_Try it:_ The full listing, minus its pictures, should be printed again exactly as it stands.
:: Source material
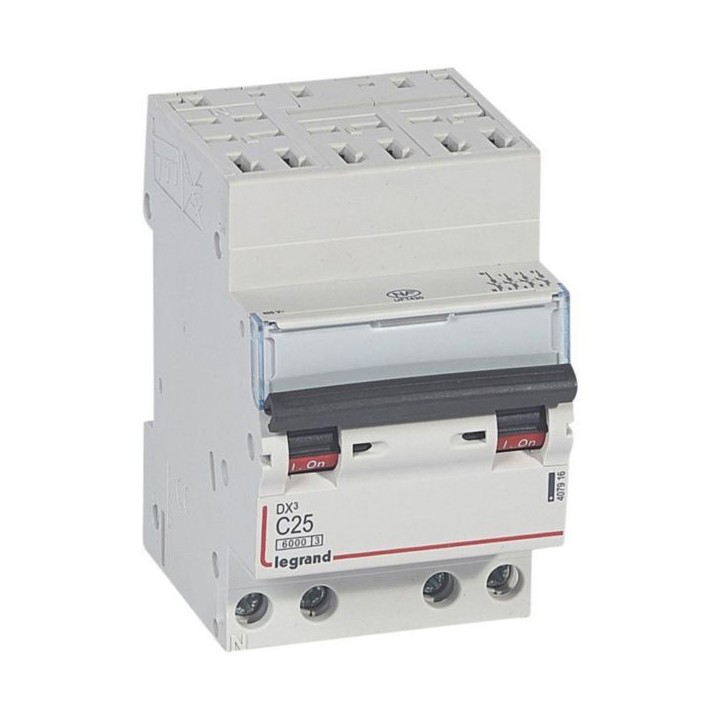 Legrand - Disjoncteur DX³6000 10kA arrivée haute départ bas à vis 4P - 25A - courbe C - pour peigne HX³ optimisé - Réf : 407916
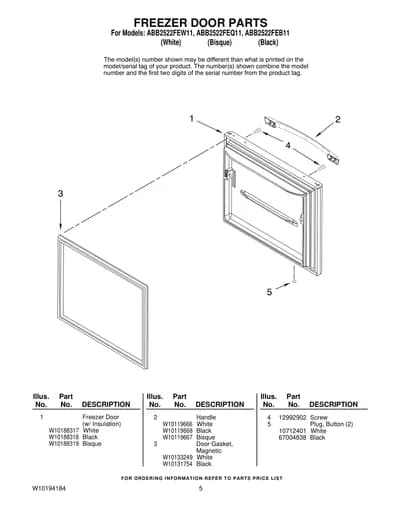 FREEZER DOOR PARTS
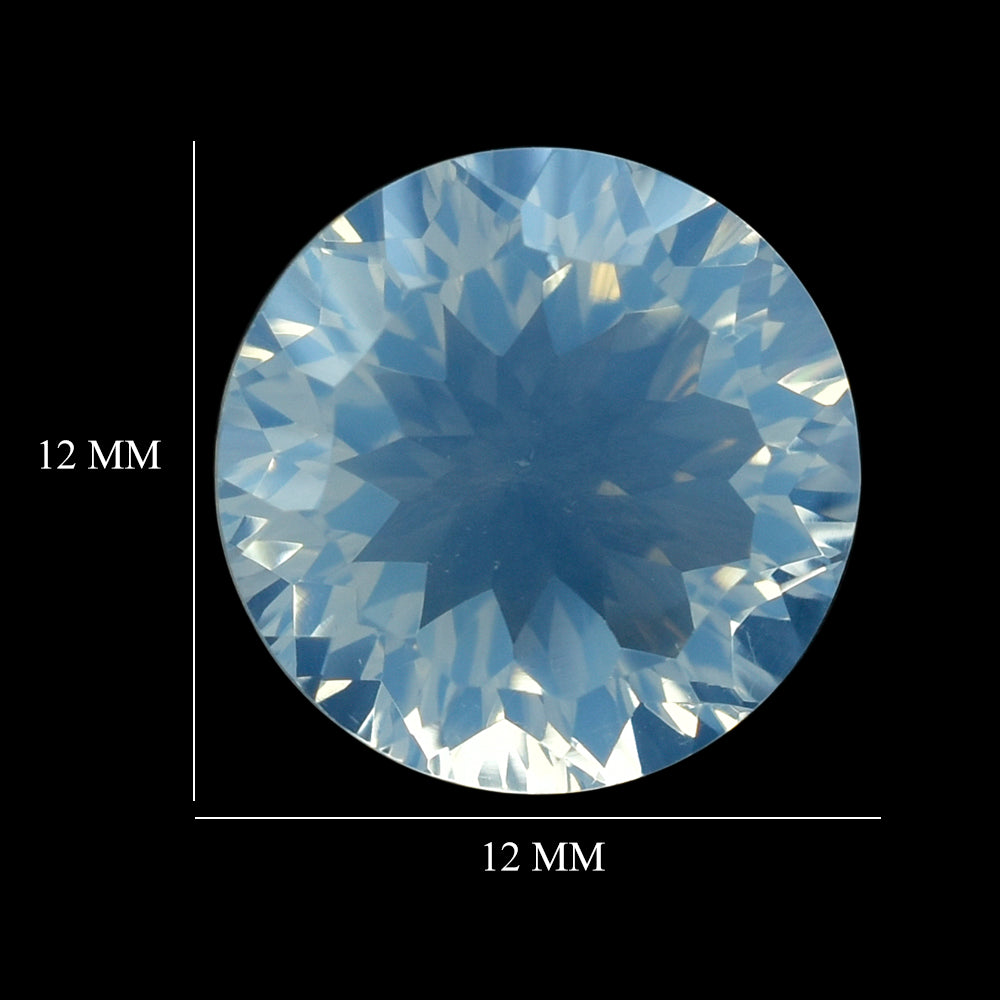 BLUE MOON QUARTZ CONCAVE CUT ROUND (DES#45) 12MM 6.05 Cts.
::::
_Written response:_
 Legrand - Disjoncteur DX³6000 10kA arrivée haute départ bas à vis 4P - 25A - courbe C - pour peigne HX³ optimisé - Réf : 407916
 FREEZER DOOR PARTS
 BLUE MOON QUARTZ CONCAVE CUT ROUND (DES#45) 12MM 6.05 Cts.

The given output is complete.